- [TASK BRIEF]: What you return must be the full listing, word for word, with no images in it.

- [DATA SECTION]:
+ + + +

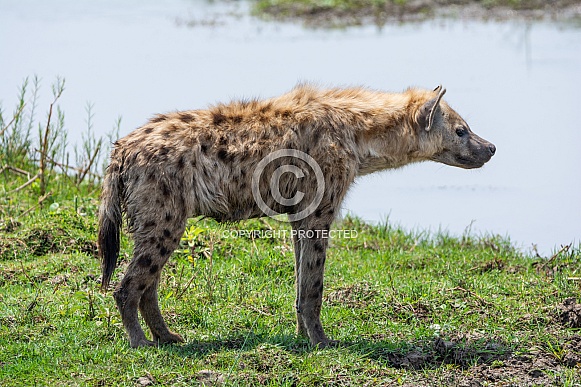 Spotted Hyena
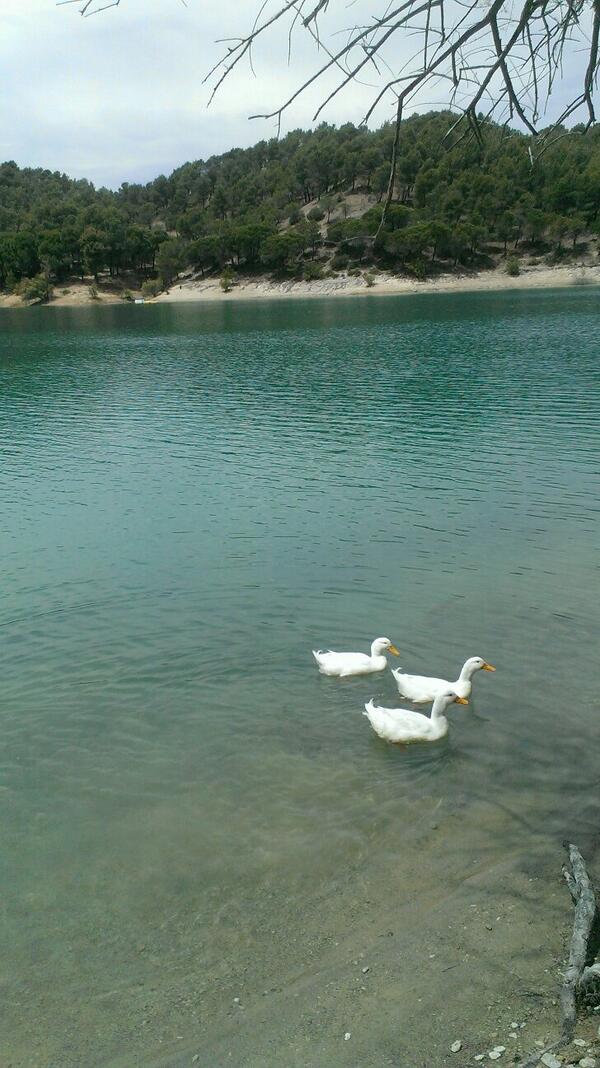 lolipedroche's tweet photo. Placeres de la vida!! http://t.co/ews4FB7voy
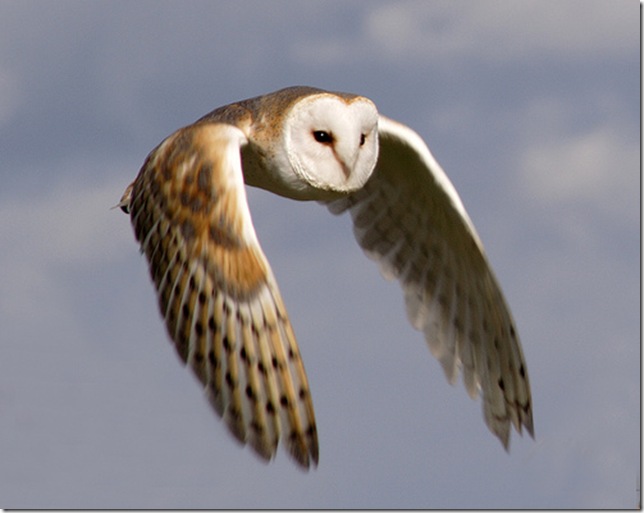 barn-owl-in-flight-small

+ + + +

- [WRITTEN ANSWER]:
 Spotted Hyena
 lolipedroche's tweet photo. Placeres de la vida!! http://t.co/ews4FB7voy
 barn-owl-in-flight-small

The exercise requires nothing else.